How do we talk to our children about the attitudes and behaviors of others when they disagree with our own?
Let me start off by saying that I am staunchly against anyone speaking or acting against another person because of an inherent difference (or any difference, for that matter) including, but not limited to, race, gender, sexuality, religion, culture, ethnicity, religion, etc. I believe that everyone has value and that we all are created to be exactly who we are, without fail or error, and that we must embrace “who we are” without attempting to live a lie to please others.
And that is the best way to start off such a conversation with your children – state your beliefs! If you make it clear how you feel about an issue, then there are no “muddy waters” between you and your child. They know exactly where you stand and, because you openly express your beliefs, they will tend to believe that they are at liberty to openly express their own. This establishes the perfect environment for healthy discussions.
Discussions do not always lead to everyone being in agreement. Do not be afraid of a difference of opinion between you and your child. Remember that they do not have the life experience that you have on which to base their thoughts. They are “developing” their beliefs. A good way for them to question themselves and explore their beliefs is to discuss them in an environment where they feel safe. As long as you create that space within your own family, you have the opportunity to influence those beliefs. However, if they have to explore other venues to find that safe place for discussion, you open them up to outside influences. This is not always a bad thing! However, as they are learning and developing, it is good for parents to have more influence. Make them feel that home is a safe place to express themselves, even if you are in disagreement.

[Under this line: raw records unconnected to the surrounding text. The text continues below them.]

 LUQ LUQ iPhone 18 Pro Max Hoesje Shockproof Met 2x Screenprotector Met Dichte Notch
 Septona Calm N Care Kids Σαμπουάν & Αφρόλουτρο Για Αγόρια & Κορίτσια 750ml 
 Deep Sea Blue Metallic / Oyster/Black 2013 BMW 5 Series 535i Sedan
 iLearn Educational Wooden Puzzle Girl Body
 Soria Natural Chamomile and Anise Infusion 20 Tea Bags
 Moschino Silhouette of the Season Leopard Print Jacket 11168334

Discuss, don’t debate. Give facts along with beliefs. Do not allow emotions to rule the conversation. Use logic, statistics, rationale, understanding, and good old-fashioned common sense. There are some topics over which we cannot help but get ourselves emotionally involved. However we must balance our emotions with logically stated facts. This gives our children a well-rounded picture of the issue and our stand on it. When you child disagrees, ask them why they feel the way they do. On what are they basing their beliefs? Help them to analyze, but do not make them feel as if they are wrong. Guide them. Help them explore the topic in a way that they learn more about it and are better able to make judgments for themselves. But do not discourage…
Use the media as a tool to help you educate your children. The media use us every day – for ratings, to polarize society for particular causes, to manipulate our government. We need to learn how to use them, too. Local and national news coverage has many opportunities to teach our children about right and wrong, causes and social issues. When your local news reporter tells you that the National Socialist Movement will be holding a parade down Main Street, it is time to explain to your child the philosophy behind the NSM and why it is wrong. Talk about how those in disagreement can express themselves. Talk about how people become so misguided. Listen as much as you talk, because your child will have questions and if you miss them, it will be because you are not listening hard enough.

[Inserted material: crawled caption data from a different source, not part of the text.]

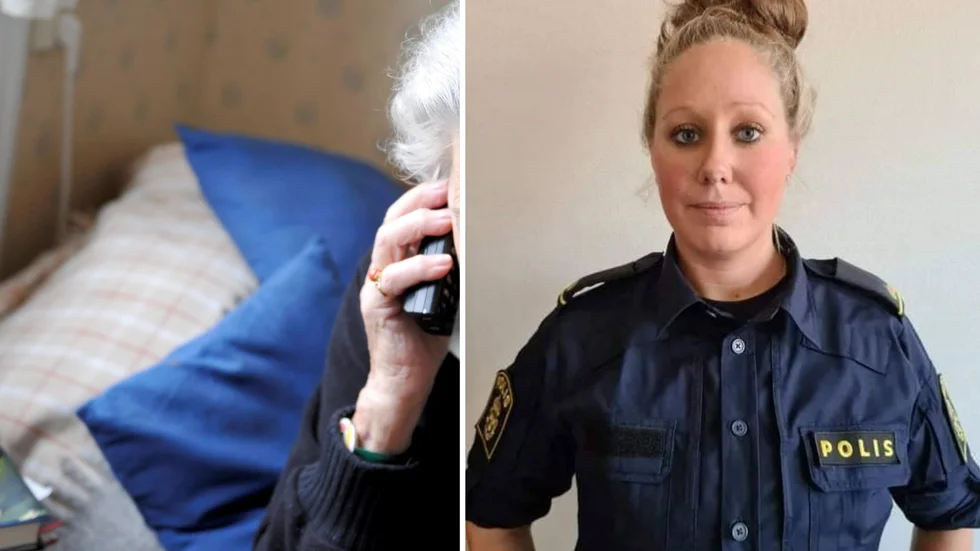 Maria Karlsson arbetar brottsförebyggande i polisregion Mitt. Som UNT nyligen rapporterat uppger Maria Karlsson att det verkar ha blivit fler som avspisar bedragarna. 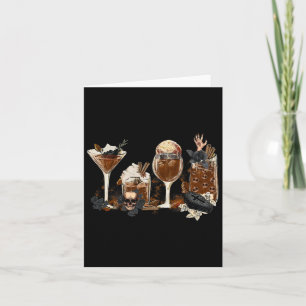 Fall Coffee Halloween Pumpkin Spice Autumn Season Card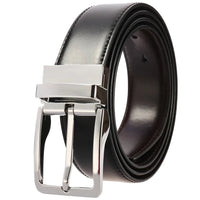 HKM-310227 Adjustable Casual Leather Belt with Pin Buckle for Business and Everyday Wear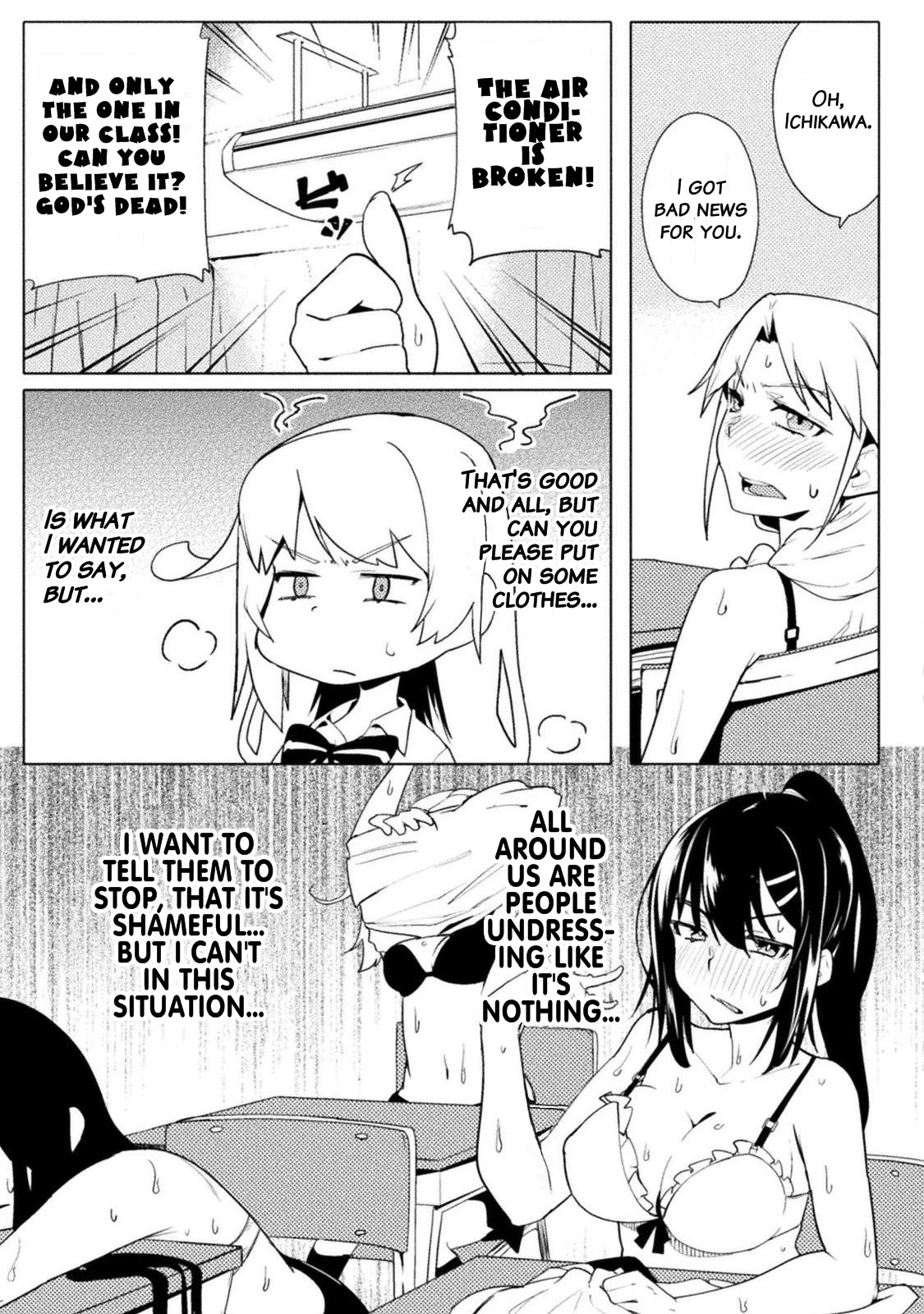 The World of Moral Reversal Chapter 14 page 3 - Chapter 14: Hot~Hot~Hot~ Burning in the Hallway~♪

Understand that you will not be able to explain everything or answer all questions. You are a parent, and only human. Being a parent does not make us the ultimate authority on all forms of knowledge. When you come to a question you cannot answer or a concept that you cannot explain, do not view it as a failure, but as an opportunity. Take your child to the library; get on the internet; research the subject with your child. Teach him how to find more information and how to discern which information is credible and which isn’t. Teach him that you cannot believe everything you read, but yet we still must read in order to make decisions for ourselves.
So what are you going to do about the NSM rally? Obviously talking about it is not the complete answer. Nothing changes in having a discussion with your child. This is where you have the opportunity to teach him or her to be a responsible citizen. Write a letter to the editor of your local newspaper. Write letters to your state legislators, the chief of police (to get a permit to march, they had to apply for a permit!), and research to see if there will be a counter-demonstration. There is a fine line that you walk when it comes to counter-demonstrations. Your actions here will depend on how you feel about demonstrations in general. However, at the very least you can discuss why people would counter-demonstrate and the pros and cons of demonstrations in general. Children need to learn that there are consequences to actions, even as adults. If you are a person who is comfortable with public demonstrations and you know your child will not be harmed, then consider attending a demonstration with them, so they can experience the issue up-close and personal. If you are not a demonstrator, then explain to your child why you are not and the alternate methods that you feel would better address the issue.
As with all parenting issues, the key is communication. You can discuss anything with your child as long as you have kept the communication lines open and are willing to put in a little effort. Communication is critical for all parents, but especially for single parents, as they must consider themselves the only source of parenting influence for their children. Whether the topic is difficult or easy, you should be one of the main sources of influence in your child’s life. Put aside the fear and tackle the issue – communicate with your child!